Современники вспоминают, что Владимира Ильича раздражали задернутые шторы, он не позволял ими закрывать окна кабинета, как будто шторы отделяли его от внешнего мира и это было для Ленина невыносимо. Стремление «раздвинуть шторы» приходит и к нам — свободно взглянуть из настоящего в прошлое, самим увидеть и услышать Владимира Ильича, стать свидетелями его мгновенной и такой непосредственной реакции на каждый факт и событие окружающей жизни.

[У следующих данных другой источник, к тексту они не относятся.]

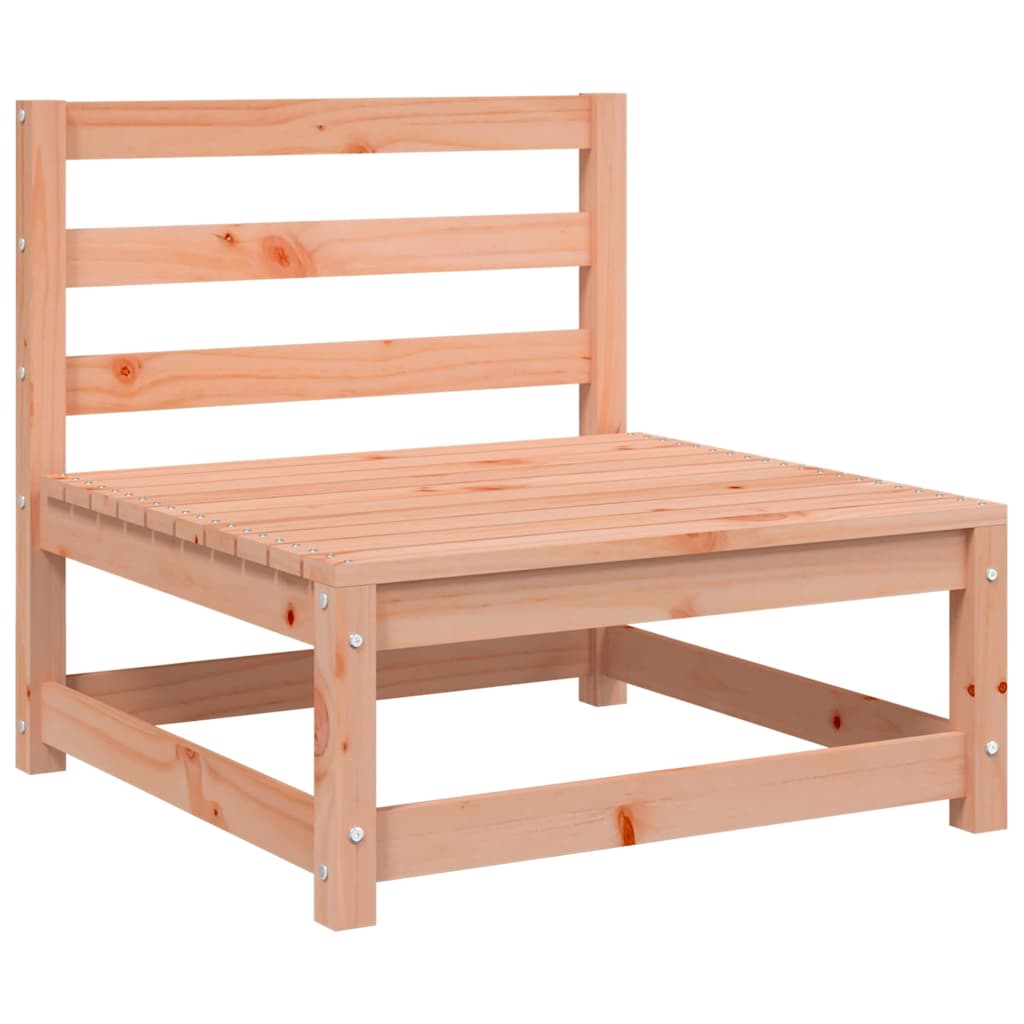 hjørnemodul 70x70x67 cm uden armlæn massivt douglasgran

Чувство это, пожалуй, близко к тому, что испытываешь в кремлевском кабинете Ленина. Здесь он работал — вот за этим столом. Деловая разумность обстановки говорит о многом. Но чтобы почувствовать себя не в музее, а в кабинете, где пишет, беседует, читает, чему-то радуется и чем-то возмущается Владимир Ильич, постарайтесь взглянуть на каждый предмет его глазами. Пузырек с резиновым наконечником называл гуммиарабиком с «носом». Бумаги, уходя из кабинета, сдвигал, по своему обыкновению, на середину стола и клал поверх ножницы, что означало «трогать не сметь». Секретари раскладывали на его столе папки для различных бумаг, а Ленин собирал нужные ему письма в одну папку и уносил ее с собой, при этом жаловался: «Вот у такого-то все бумаги в порядке, а я никак этому научиться не могу». Ящики стола обычно были заперты, но левый верхний и сейчас, наверное, открыт: Владимир Ильич складывал в него исполненные бумаги и секретари забирали их по нескольку раз в день. К письменному столу приставлен еще один; это Ленин распорядился: «Достаньте простой человеческий стол, за которым можно было бы сидеть и писать». Часто поглядывал на календарь — висел над диваном; цифры были крупные, хорошо видны, и Владимир Ильич удивлялся: «У нас это умеют сделать? Удивительно». И так же удивлялся, когда на следующий день приносили заказанную им книгу: «Вчера только написал, а сегодня уже получил». Указатель железных дорог, на нем — собственноручная пометка: «Экз. Ленина». Прежде был другой, но кто-то взял и не вернул, а в указателе было много пометок Владимира Ильича, и он просил узнавать у каждого, кто у него бывал: не взял ли — обещая отдать взамен другой экземпляр. Быть может, он и лежит теперь на столе?